─── DATA EXTRACTS

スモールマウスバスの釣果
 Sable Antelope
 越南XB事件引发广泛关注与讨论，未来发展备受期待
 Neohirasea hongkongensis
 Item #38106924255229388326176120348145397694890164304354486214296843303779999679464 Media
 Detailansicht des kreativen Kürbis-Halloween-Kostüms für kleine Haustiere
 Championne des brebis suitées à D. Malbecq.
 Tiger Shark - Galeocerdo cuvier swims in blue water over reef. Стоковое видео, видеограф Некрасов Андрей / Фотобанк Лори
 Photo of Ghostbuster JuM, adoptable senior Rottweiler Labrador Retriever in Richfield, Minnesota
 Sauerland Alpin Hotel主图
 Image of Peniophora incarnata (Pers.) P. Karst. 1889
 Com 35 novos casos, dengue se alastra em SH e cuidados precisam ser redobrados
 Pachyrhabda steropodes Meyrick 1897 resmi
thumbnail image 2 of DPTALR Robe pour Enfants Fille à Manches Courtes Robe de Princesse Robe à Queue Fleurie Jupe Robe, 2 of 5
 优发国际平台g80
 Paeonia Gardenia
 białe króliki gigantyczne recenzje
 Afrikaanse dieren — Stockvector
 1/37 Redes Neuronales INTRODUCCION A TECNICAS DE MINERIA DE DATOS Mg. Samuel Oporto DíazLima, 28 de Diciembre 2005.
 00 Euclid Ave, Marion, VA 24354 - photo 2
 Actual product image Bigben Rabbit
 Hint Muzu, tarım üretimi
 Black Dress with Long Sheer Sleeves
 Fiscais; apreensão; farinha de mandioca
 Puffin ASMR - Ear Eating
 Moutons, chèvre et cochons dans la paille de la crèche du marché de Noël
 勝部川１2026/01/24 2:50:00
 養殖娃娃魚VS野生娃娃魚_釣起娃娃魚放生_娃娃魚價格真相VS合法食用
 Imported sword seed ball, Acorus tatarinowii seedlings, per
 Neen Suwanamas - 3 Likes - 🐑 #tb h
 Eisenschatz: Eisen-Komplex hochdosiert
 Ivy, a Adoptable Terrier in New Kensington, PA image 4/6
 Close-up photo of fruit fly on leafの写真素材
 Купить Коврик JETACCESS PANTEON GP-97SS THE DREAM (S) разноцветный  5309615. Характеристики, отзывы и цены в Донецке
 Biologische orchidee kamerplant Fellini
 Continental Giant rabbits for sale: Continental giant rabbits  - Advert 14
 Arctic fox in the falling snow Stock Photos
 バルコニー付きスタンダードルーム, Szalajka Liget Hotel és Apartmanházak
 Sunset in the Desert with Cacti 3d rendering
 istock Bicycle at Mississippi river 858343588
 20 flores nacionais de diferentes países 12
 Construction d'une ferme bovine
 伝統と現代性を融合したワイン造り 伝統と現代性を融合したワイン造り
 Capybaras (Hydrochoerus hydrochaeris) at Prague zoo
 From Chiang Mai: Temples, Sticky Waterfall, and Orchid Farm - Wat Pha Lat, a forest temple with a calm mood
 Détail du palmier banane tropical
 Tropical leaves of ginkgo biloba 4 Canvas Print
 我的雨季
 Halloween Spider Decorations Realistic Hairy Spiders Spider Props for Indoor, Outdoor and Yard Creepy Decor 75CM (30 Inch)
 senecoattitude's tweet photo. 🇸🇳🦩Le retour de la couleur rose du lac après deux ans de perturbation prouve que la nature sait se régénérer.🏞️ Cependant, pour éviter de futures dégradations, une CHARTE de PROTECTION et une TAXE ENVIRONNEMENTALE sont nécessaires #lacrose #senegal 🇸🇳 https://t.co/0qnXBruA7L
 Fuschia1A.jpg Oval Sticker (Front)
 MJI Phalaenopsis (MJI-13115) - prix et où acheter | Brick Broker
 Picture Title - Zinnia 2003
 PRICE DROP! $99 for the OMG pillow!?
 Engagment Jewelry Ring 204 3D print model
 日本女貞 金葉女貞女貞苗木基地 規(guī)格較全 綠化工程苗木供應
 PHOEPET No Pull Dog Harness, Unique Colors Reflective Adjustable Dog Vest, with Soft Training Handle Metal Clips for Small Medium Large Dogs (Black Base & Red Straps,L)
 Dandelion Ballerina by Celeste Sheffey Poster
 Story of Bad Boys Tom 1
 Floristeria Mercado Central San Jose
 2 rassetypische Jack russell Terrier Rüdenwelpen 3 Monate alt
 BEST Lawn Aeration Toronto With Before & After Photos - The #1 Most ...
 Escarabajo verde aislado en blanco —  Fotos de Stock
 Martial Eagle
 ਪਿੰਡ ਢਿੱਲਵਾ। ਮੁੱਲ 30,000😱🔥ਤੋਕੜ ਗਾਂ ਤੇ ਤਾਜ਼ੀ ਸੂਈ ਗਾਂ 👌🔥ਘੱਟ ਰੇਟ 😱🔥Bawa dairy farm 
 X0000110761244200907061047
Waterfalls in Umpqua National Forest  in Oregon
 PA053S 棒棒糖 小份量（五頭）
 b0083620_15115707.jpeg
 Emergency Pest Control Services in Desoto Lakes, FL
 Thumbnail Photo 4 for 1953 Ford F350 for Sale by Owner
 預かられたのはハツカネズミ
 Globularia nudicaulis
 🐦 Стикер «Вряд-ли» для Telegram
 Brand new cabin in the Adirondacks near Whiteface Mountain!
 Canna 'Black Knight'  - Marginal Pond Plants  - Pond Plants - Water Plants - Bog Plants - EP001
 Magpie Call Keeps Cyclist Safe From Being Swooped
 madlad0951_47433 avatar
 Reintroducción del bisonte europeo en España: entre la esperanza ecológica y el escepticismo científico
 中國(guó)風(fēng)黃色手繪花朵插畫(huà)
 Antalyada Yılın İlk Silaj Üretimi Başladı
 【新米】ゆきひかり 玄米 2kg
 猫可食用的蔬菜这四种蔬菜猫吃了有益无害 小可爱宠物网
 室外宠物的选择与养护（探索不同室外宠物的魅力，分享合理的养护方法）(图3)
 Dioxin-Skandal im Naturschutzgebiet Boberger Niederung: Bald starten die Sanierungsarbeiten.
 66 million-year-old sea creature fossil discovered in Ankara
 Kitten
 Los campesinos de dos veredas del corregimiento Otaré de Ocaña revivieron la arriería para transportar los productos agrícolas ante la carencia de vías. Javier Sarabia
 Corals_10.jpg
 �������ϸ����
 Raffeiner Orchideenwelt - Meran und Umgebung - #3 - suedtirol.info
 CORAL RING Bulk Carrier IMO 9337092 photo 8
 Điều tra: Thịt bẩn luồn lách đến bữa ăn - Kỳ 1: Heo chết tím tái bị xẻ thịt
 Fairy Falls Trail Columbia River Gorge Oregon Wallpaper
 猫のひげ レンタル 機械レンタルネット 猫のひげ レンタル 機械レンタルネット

──────

> WHAT IS REQUIRED: Every entry above should be duplicated exactly.

> TASK SOLUTION:
スモールマウスバスの釣果
 Sable Antelope
 越南XB事件引发广泛关注与讨论，未来发展备受期待
 Neohirasea hongkongensis
 Item #38106924255229388326176120348145397694890164304354486214296843303779999679464 Media
 Detailansicht des kreativen Kürbis-Halloween-Kostüms für kleine Haustiere
 Championne des brebis suitées à D. Malbecq.
 Tiger Shark - Galeocerdo cuvier swims in blue water over reef. Стоковое видео, видеограф Некрасов Андрей / Фотобанк Лори
 Photo of Ghostbuster JuM, adoptable senior Rottweiler Labrador Retriever in Richfield, Minnesota
 Sauerland Alpin Hotel主图
 Image of Peniophora incarnata (Pers.) P. Karst. 1889
 Com 35 novos casos, dengue se alastra em SH e cuidados precisam ser redobrados
 Pachyrhabda steropodes Meyrick 1897 resmi
thumbnail image 2 of DPTALR Robe pour Enfants Fille à Manches Courtes Robe de Princesse Robe à Queue Fleurie Jupe Robe, 2 of 5
 优发国际平台g80
 Paeonia Gardenia
 białe króliki gigantyczne recenzje
 Afrikaanse dieren — Stockvector
 1/37 Redes Neuronales INTRODUCCION A TECNICAS DE MINERIA DE DATOS Mg. Samuel Oporto DíazLima, 28 de Diciembre 2005.
 00 Euclid Ave, Marion, VA 24354 - photo 2
 Actual product image Bigben Rabbit
 Hint Muzu, tarım üretimi
 Black Dress with Long Sheer Sleeves
 Fiscais; apreensão; farinha de mandioca
 Puffin ASMR - Ear Eating
 Moutons, chèvre et cochons dans la paille de la crèche du marché de Noël
 勝部川１2026/01/24 2:50:00
 養殖娃娃魚VS野生娃娃魚_釣起娃娃魚放生_娃娃魚價格真相VS合法食用
 Imported sword seed ball, Acorus tatarinowii seedlings, per
 Neen Suwanamas - 3 Likes - 🐑 #tb h
 Eisenschatz: Eisen-Komplex hochdosiert
 Ivy, a Adoptable Terrier in New Kensington, PA image 4/6
 Close-up photo of fruit fly on leafの写真素材
 Купить Коврик JETACCESS PANTEON GP-97SS THE DREAM (S) разноцветный  5309615. Характеристики, отзывы и цены в Донецке
 Biologische orchidee kamerplant Fellini
 Continental Giant rabbits for sale: Continental giant rabbits  - Advert 14
 Arctic fox in the falling snow Stock Photos
 バルコニー付きスタンダードルーム, Szalajka Liget Hotel és Apartmanházak
 Sunset in the Desert with Cacti 3d rendering
 istock Bicycle at Mississippi river 858343588
 20 flores nacionais de diferentes países 12
 Construction d'une ferme bovine
 伝統と現代性を融合したワイン造り 伝統と現代性を融合したワイン造り
 Capybaras (Hydrochoerus hydrochaeris) at Prague zoo
 From Chiang Mai: Temples, Sticky Waterfall, and Orchid Farm - Wat Pha Lat, a forest temple with a calm mood
 Détail du palmier banane tropical
 Tropical leaves of ginkgo biloba 4 Canvas Print
 我的雨季
 Halloween Spider Decorations Realistic Hairy Spiders Spider Props for Indoor, Outdoor and Yard Creepy Decor 75CM (30 Inch)
 senecoattitude's tweet photo. 🇸🇳🦩Le retour de la couleur rose du lac après deux ans de perturbation prouve que la nature sait se régénérer.🏞️ Cependant, pour éviter de futures dégradations, une CHARTE de PROTECTION et une TAXE ENVIRONNEMENTALE sont nécessaires #lacrose #senegal 🇸🇳 https://t.co/0qnXBruA7L
 Fuschia1A.jpg Oval Sticker (Front)
 MJI Phalaenopsis (MJI-13115) - prix et où acheter | Brick Broker
 Picture Title - Zinnia 2003
 PRICE DROP! $99 for the OMG pillow!?
 Engagment Jewelry Ring 204 3D print model
 日本女貞 金葉女貞女貞苗木基地 規(guī)格較全 綠化工程苗木供應
 PHOEPET No Pull Dog Harness, Unique Colors Reflective Adjustable Dog Vest, with Soft Training Handle Metal Clips for Small Medium Large Dogs (Black Base & Red Straps,L)
 Dandelion Ballerina by Celeste Sheffey Poster
 Story of Bad Boys Tom 1
 Floristeria Mercado Central San Jose
 2 rassetypische Jack russell Terrier Rüdenwelpen 3 Monate alt
 BEST Lawn Aeration Toronto With Before & After Photos - The #1 Most ...
 Escarabajo verde aislado en blanco —  Fotos de Stock
 Martial Eagle
 ਪਿੰਡ ਢਿੱਲਵਾ। ਮੁੱਲ 30,000😱🔥ਤੋਕੜ ਗਾਂ ਤੇ ਤਾਜ਼ੀ ਸੂਈ ਗਾਂ 👌🔥ਘੱਟ ਰੇਟ 😱🔥Bawa dairy farm 
 X0000110761244200907061047
Waterfalls in Umpqua National Forest  in Oregon
 PA053S 棒棒糖 小份量（五頭）
 b0083620_15115707.jpeg
 Emergency Pest Control Services in Desoto Lakes, FL
 Thumbnail Photo 4 for 1953 Ford F350 for Sale by Owner
 預かられたのはハツカネズミ
 Globularia nudicaulis
 🐦 Стикер «Вряд-ли» для Telegram
 Brand new cabin in the Adirondacks near Whiteface Mountain!
 Canna 'Black Knight'  - Marginal Pond Plants  - Pond Plants - Water Plants - Bog Plants - EP001
 Magpie Call Keeps Cyclist Safe From Being Swooped
 madlad0951_47433 avatar
 Reintroducción del bisonte europeo en España: entre la esperanza ecológica y el escepticismo científico
 中國(guó)風(fēng)黃色手繪花朵插畫(huà)
 Antalyada Yılın İlk Silaj Üretimi Başladı
 【新米】ゆきひかり 玄米 2kg
 猫可食用的蔬菜这四种蔬菜猫吃了有益无害 小可爱宠物网
 室外宠物的选择与养护（探索不同室外宠物的魅力，分享合理的养护方法）(图3)
 Dioxin-Skandal im Naturschutzgebiet Boberger Niederung: Bald starten die Sanierungsarbeiten.
 66 million-year-old sea creature fossil discovered in Ankara
 Kitten
 Los campesinos de dos veredas del corregimiento Otaré de Ocaña revivieron la arriería para transportar los productos agrícolas ante la carencia de vías. Javier Sarabia
 Corals_10.jpg
 �������ϸ����
 Raffeiner Orchideenwelt - Meran und Umgebung - #3 - suedtirol.info
 CORAL RING Bulk Carrier IMO 9337092 photo 8
 Điều tra: Thịt bẩn luồn lách đến bữa ăn - Kỳ 1: Heo chết tím tái bị xẻ thịt
 Fairy Falls Trail Columbia River Gorge Oregon Wallpaper
 猫のひげ レンタル 機械レンタルネット 猫のひげ レンタル 機械レンタルネット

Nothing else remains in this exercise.